[WHAT NEEDS TO BE DONE]:
Your task is to copy the data exactly while leaving out every picture.

[AVAILABLE RECORDS]:

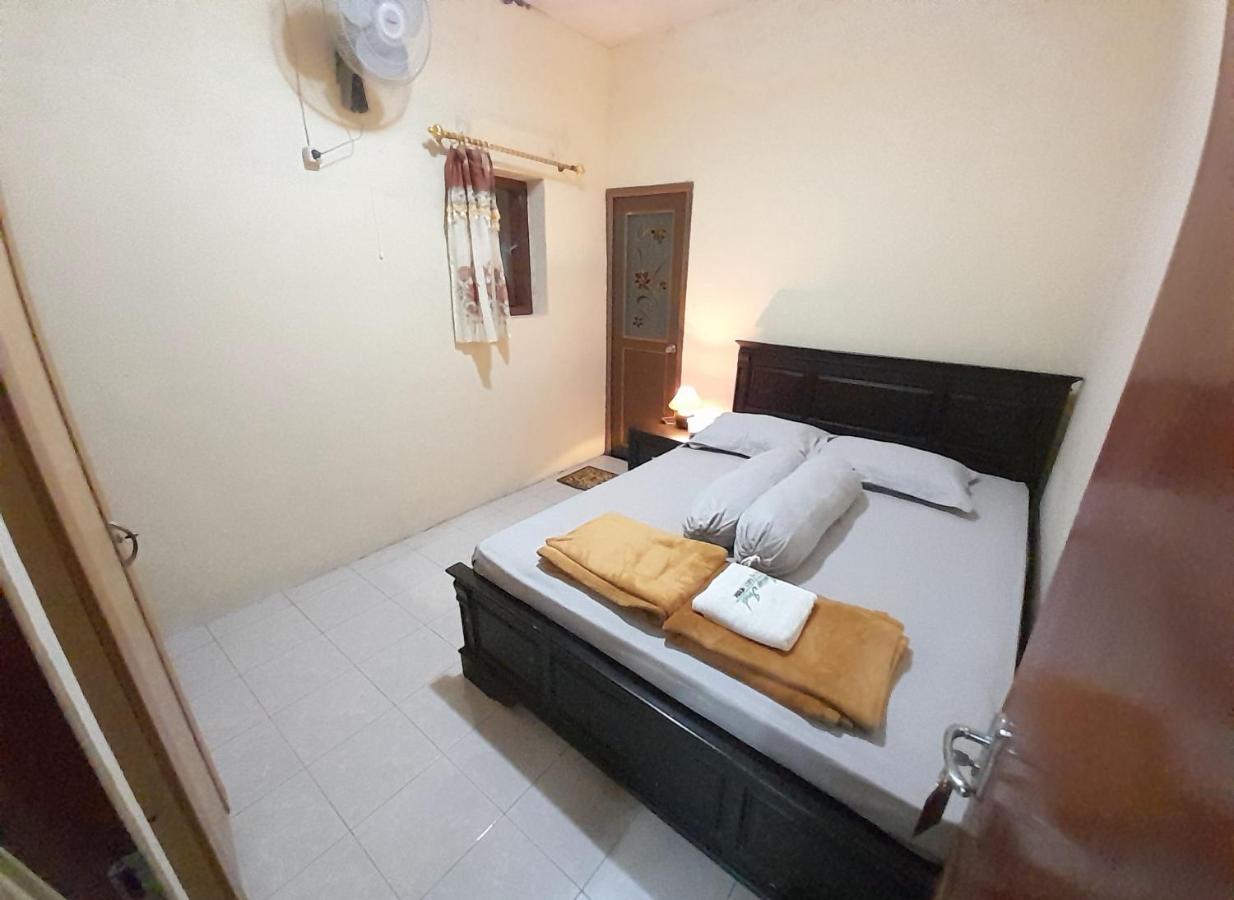 Marry Ind Gunung Kawi Guest House Malang Bumirejo Ngoại thất bức ảnh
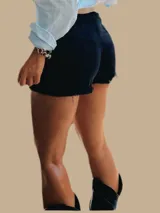 Short de jean negro con doble lycra y terminación desflecada.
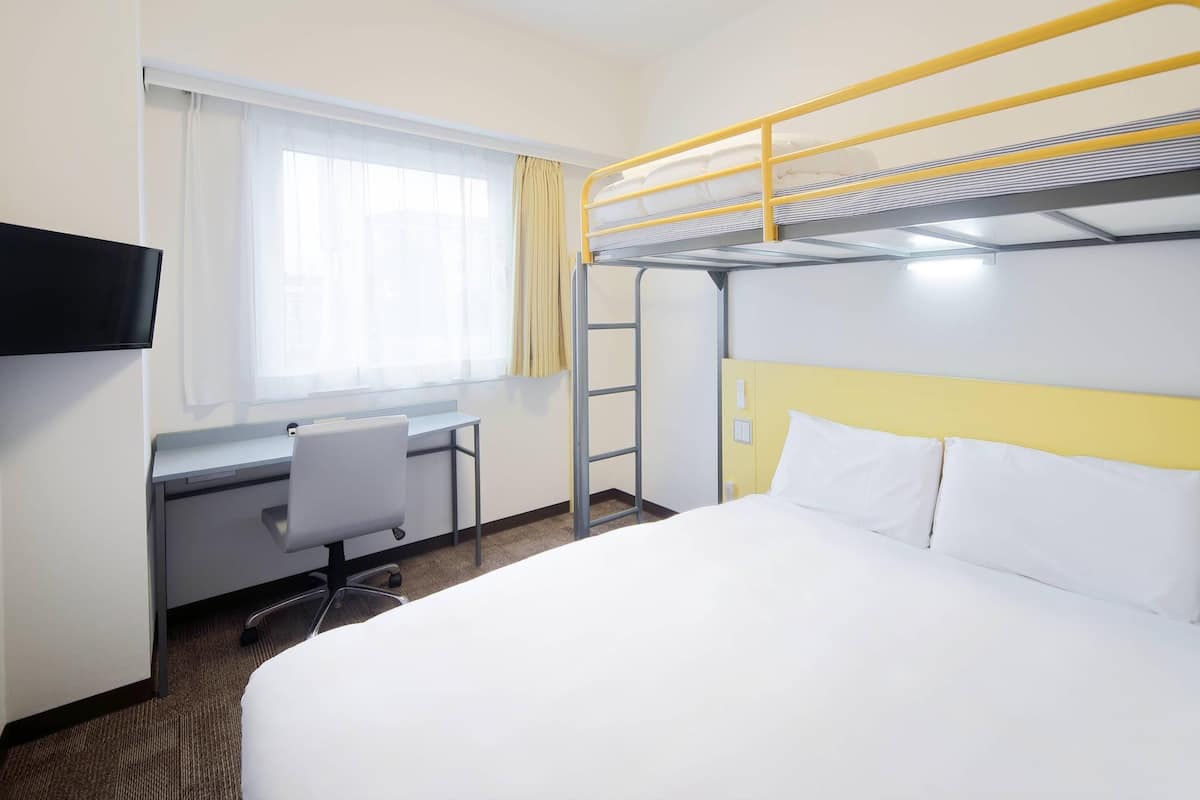 Standardzimmer, Mehrere Betten, Nichtraucher (1 Double Bed and 1 Loft Bed) | Daunenbettdecken, Schreibtisch, laptopgeeigneter Arbeitsplatz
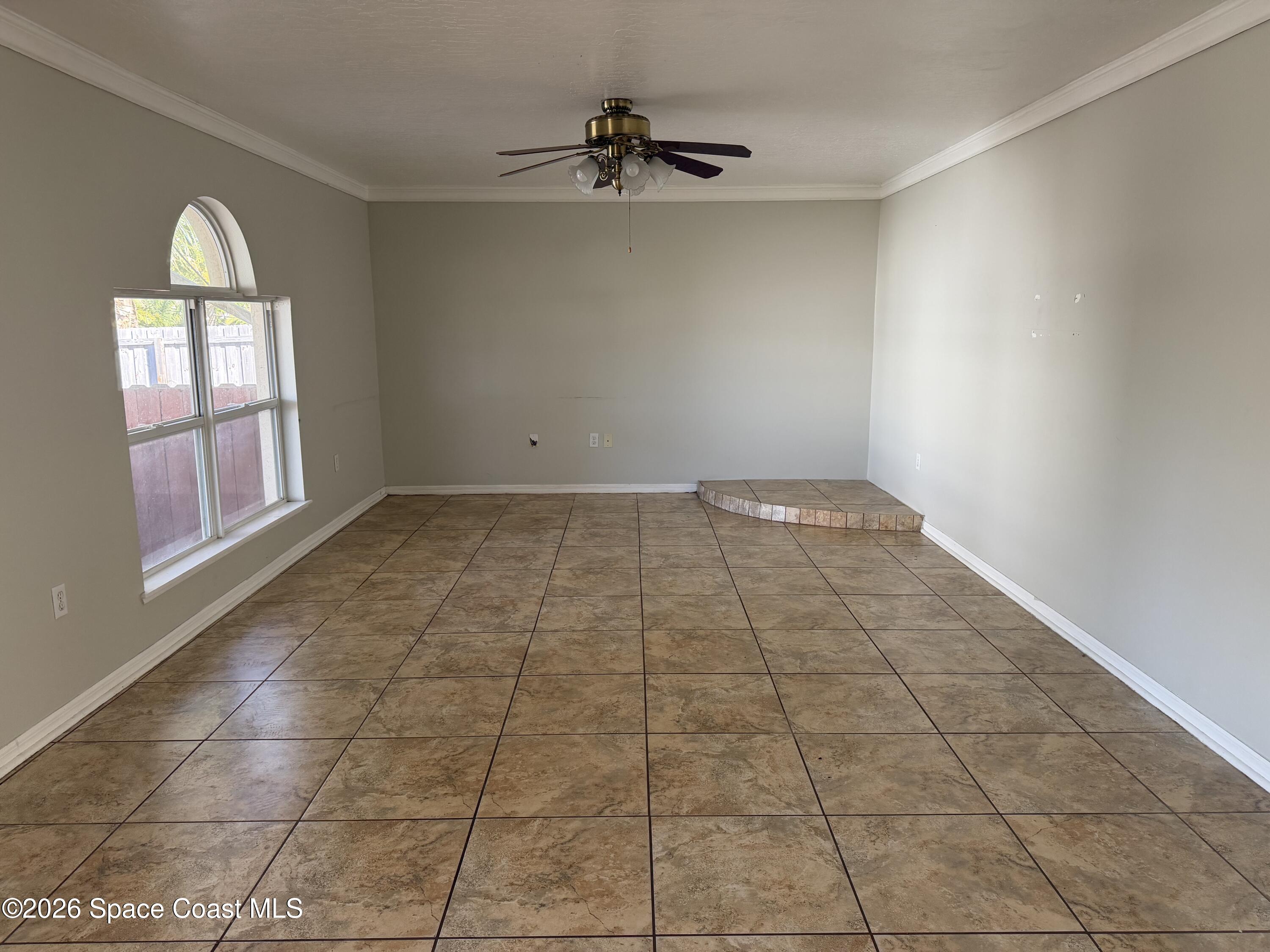 194 NW Abalone Road NW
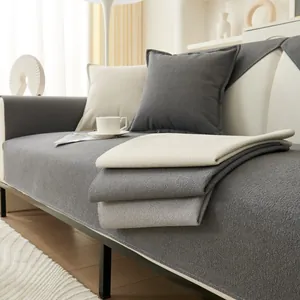 Nahaufnahme von wasserdichtem Sofabezug und Kissen mit Textur im modernen Wohnzimmer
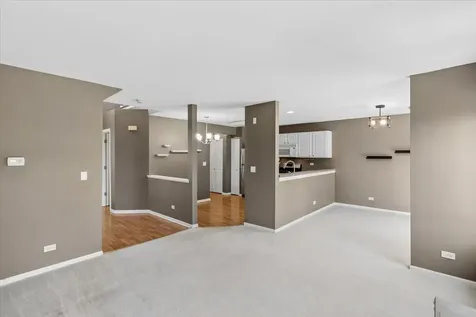 2010 Orchard Lane Carpentersville IL 60110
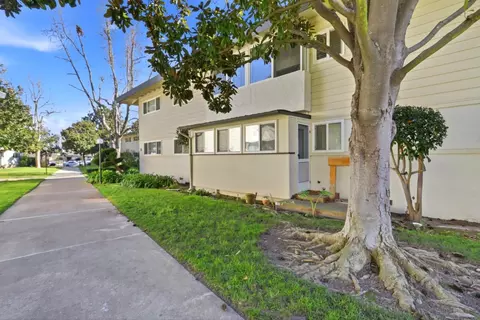 Exterior - 14225 Lora Dr 9, Los Gatos, CA 95032 photo 6 of 6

[RESULT OF THE EXERCISE]:
 Marry Ind Gunung Kawi Guest House Malang Bumirejo Ngoại thất bức ảnh
 Short de jean negro con doble lycra y terminación desflecada.
 Standardzimmer, Mehrere Betten, Nichtraucher (1 Double Bed and 1 Loft Bed) | Daunenbettdecken, Schreibtisch, laptopgeeigneter Arbeitsplatz
 194 NW Abalone Road NW
 Nahaufnahme von wasserdichtem Sofabezug und Kissen mit Textur im modernen Wohnzimmer
 2010 Orchard Lane Carpentersville IL 60110
 Exterior - 14225 Lora Dr 9, Los Gatos, CA 95032 photo 6 of 6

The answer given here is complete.